Uber tends to be one of those companies that draws a strong response from people. They either love the democratization of the transportation industry or they see an evil technology upending the general way things are done. People publicly voice their anger over protectionist and anti-competitive measures taken by the traditional cab industry to stall Uber’s growth, or people complain about the evil of surge pricing and lack of screening of drivers.
Like most things in life- the answer is somewhere in between. Yes- the transportation industry NEEDED to be disrupted, especially in SF where Uber originated and it used be to a running joke about how it was impossible to catch a cab anywhere. However, Uber’s global domination and emergence as a potential monopolist is absolutely scary, especially considering its “evil” streak.
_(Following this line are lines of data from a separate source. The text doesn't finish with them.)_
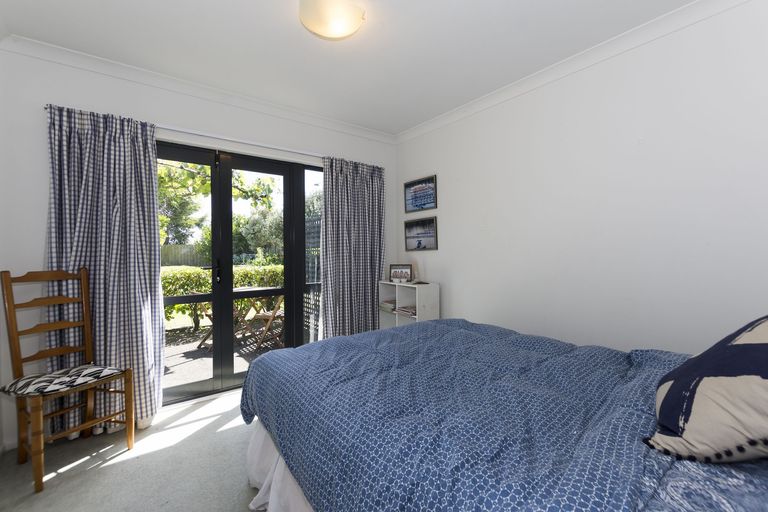 Photo of property in 111a Taipari Street, Maungatapu, Tauranga, 3112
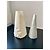 Autre Marque Sugahara Japan Glass Carafe Decanter - view 4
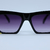 Lentes Sol Polarizados Fantastic Teo Dorado Marron en internet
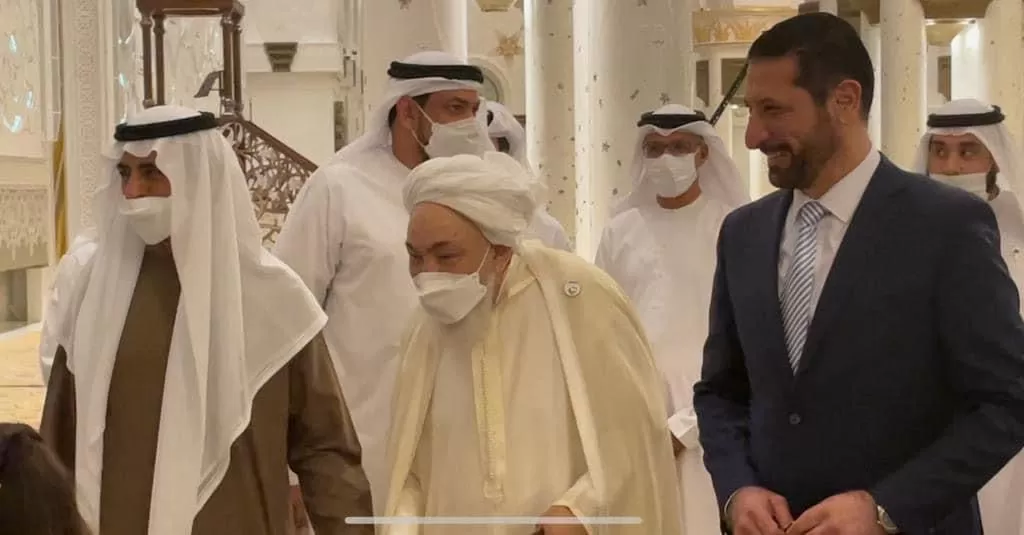 مدار الساعة,أخبار الأردن,اخبار الاردن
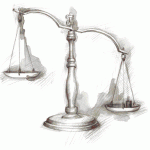 law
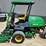 john-deere-3245c-image-2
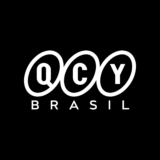 Sitewide 25% OFF on QCY BR Offer!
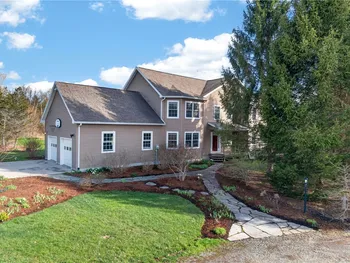 Property at 51 Hillcrest Road, Lansing, NY 14850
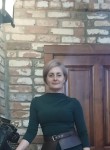 Irina, 45, Kamensk-Uralskiy
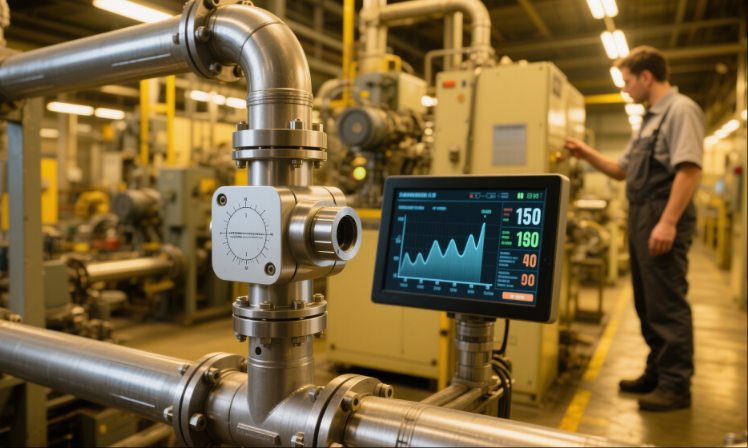 低速空气动力学中的马赫数世界揭秘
We need the taxi industry and we need more Uber clones. While Uber’s business has extremely low barriers to entry, scaling an on demand marketplace to reach liquidity between supply and demand is one of the hardest things for a business to accomplish. Not only do their need to be drivers on the road in every single operable city, but there need to be an equal or similar volume of riders requesting service at the same time. This is where rivals like Sidecar have not been able to beat Uber- one or two times a rider checks Sidecar and there are no drivers, they stop checking the app fairly quickly.
There could easily be a number of good competitors, however. The service Uber is providing is “multi-honing,” (yes business school people walk with me here) meaning consumers don’t have to stick with one absolutely option. They can use Uber, Lyft and any number of other services without harmful consequences for not picking one. Sure, in the long run, there might be incentives for sticking with one over the other, but when you’re stuck in the rain outside trying to get home, you probably don’t care.
On the driver’s side of the market, Uber’s power is downright scary. Their marketing message is both brilliant and manipulative. “Come drive for Uber,” they told taxi cab drivers a few years ago. Then they undermined their own customers’ businesses by introducing UberX. Why not? It was good business. Drivers who make money on the side now who are not professionals enjoy the flexibility of the job. However, they shouldn’t be shocked when Uber releases self driving cars and cuts humans out of the process completely.
Yes dear friends, this is the story of potentially a monopoly gone rogue. Can you imagine what life would be like if Uber had complete pricing power? Surge pricing…all. the. time.
So we need taxis. They fulfill a critical function in many cities (especially NYC) and have established great standards to protect consumers that companies like Uber might consider emulating. We also need Google to come out with a competing service, and any number of other clones.